FP8 layerwise casting + group offloading:
| precision | Memory after loading | Peak memory | Inference time |
|---|---|---|---|
| FP8 (e4m3) | 9.264 GB | 14.232 GB | 58 seconds |
Example (Flux-dev with torchao 4-bit + torch.compile):
import torch
from diffusers import FluxPipeline
from diffusers import TorchAoConfig as DiffusersTorchAoConfig
from diffusers.quantizers import PipelineQuantizationConfig
from transformers import TorchAoConfig as TransformersTorchAoConfig
from torchao.quantization import Float8WeightOnlyConfig
model_id = "black-forest-labs/FLUX.1-dev"
dtype = torch.bfloat16
pipeline_quant_config = PipelineQuantizationConfig(
quant_mapping={
"transformer":DiffusersTorchAoConfig("int4_weight_only"),
"text_encoder_2": TransformersTorchAoConfig("int4_weight_only"),
}
)
pipe = FluxPipeline.from_pretrained(
model_id,
quantization_config=pipeline_quant_config,
torch_dtype=torch.bfloat16,
device_map="balanced"
)
+ pipe.transformer = torch.compile(pipe.transformer, mode="max-autotune", fullgraph=True)
Note:
torch.compilecan introduce subtle numerical differences, resulting in changes in image output
torch.compile: One other complementary approach is to speed up the execution of your model with PyTorch 2.x’s torch.compile() feature.

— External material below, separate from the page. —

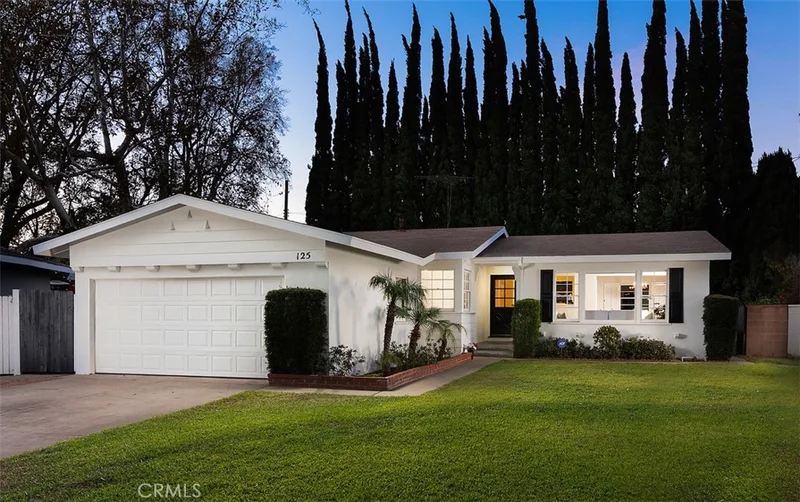 125 Orangewood, Tustin, CA 92780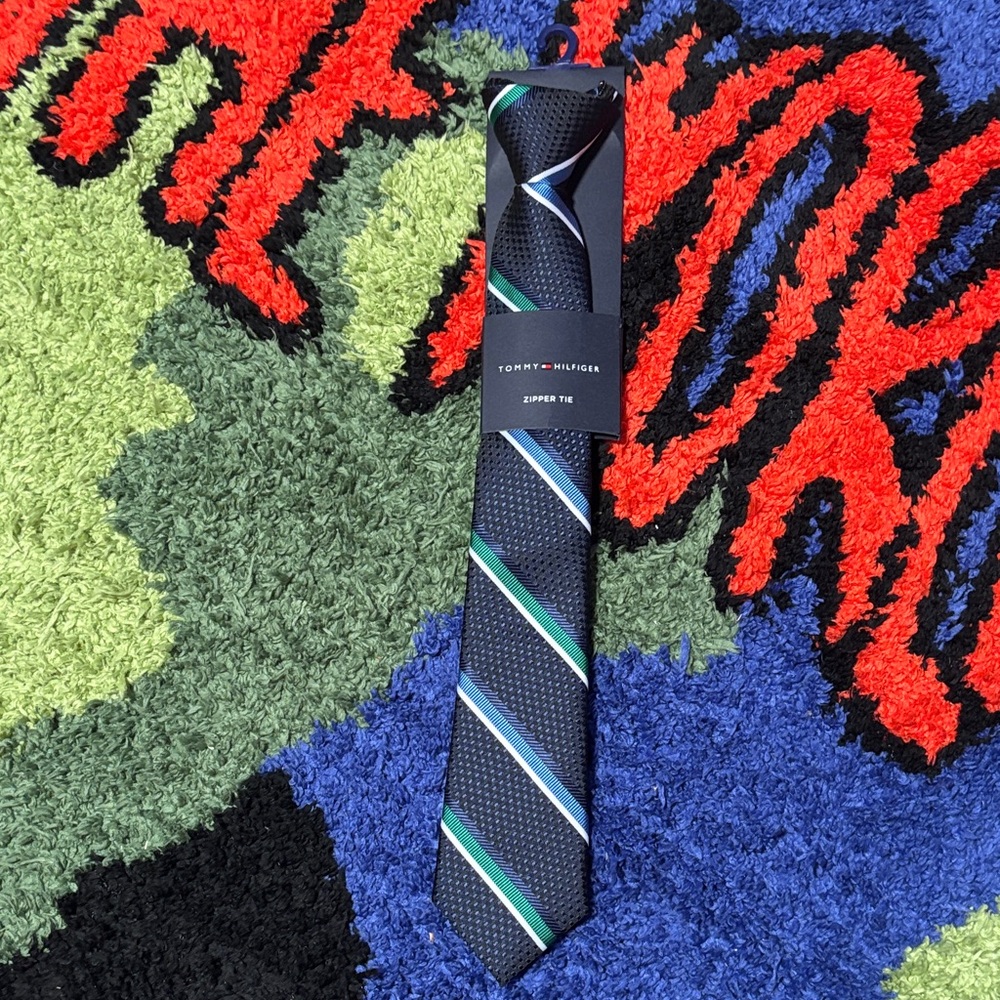 Tommy Hilfiger Men's Navy Stripe Zipper Tie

Compiling the model doesn’t directly lower memory, but it could actually significantly speed up inference. PyTorch 2.0’s compile (Torch Dynamo) works by tracing and optimizing the model graph ahead-of-time.
torchao + torch.compile:
| torchao Precision | Memory after loading | Peak memory | Inference time | Compile Time |
|---|---|---|---|---|
| int4_weight_only | 10.635 GB | 15.238 GB | 6 seconds | ~285 seconds |
| int8_weight_only | 17.020 GB | 22.473 GB | 8 seconds | ~851 seconds |
| float8_weight_only | 17.016 GB | 22.115 GB | 8 seconds | ~545 seconds |
Explore some benchmarking results here:
Able to use quantized checkpoints
You’ll find bitsandbytes and torchao quantized models from this blog post in our Hugging Face collection: link to collection.
Conclusion
Here’s a fast guide to selecting a quantization backend:
- Easiest Memory Savings (NVIDIA): Start with
bitsandbytes4/8-bit. This can be combined withtorch.compile()for faster inference. - Prioritize Inference Speed:
torchao,GGUF, andbitsandbytescan all be used withtorch.compile()to potentially boost inference speed. - For Hardware Flexibility (CPU/MPS), FP8 Precision:
Quantocould be option. - Simplicity (Hopper/Ada): Explore FP8 Layerwise Casting (
enable_layerwise_casting). - For Using Existing GGUF Models: Use GGUF loading (
from_single_file). - Inquisitive about training with quantization? Stay tuned for a follow-up blog post on that topic! Update (June 19, 2025): it’s here!
Quantization significantly lowers the barrier to entry for using large diffusion models. Experiment with these backends to search out one of the best balance of memory, speed, and quality in your needs.
Acknowledgements: Because of Chunte for providing the thumbnail for this post.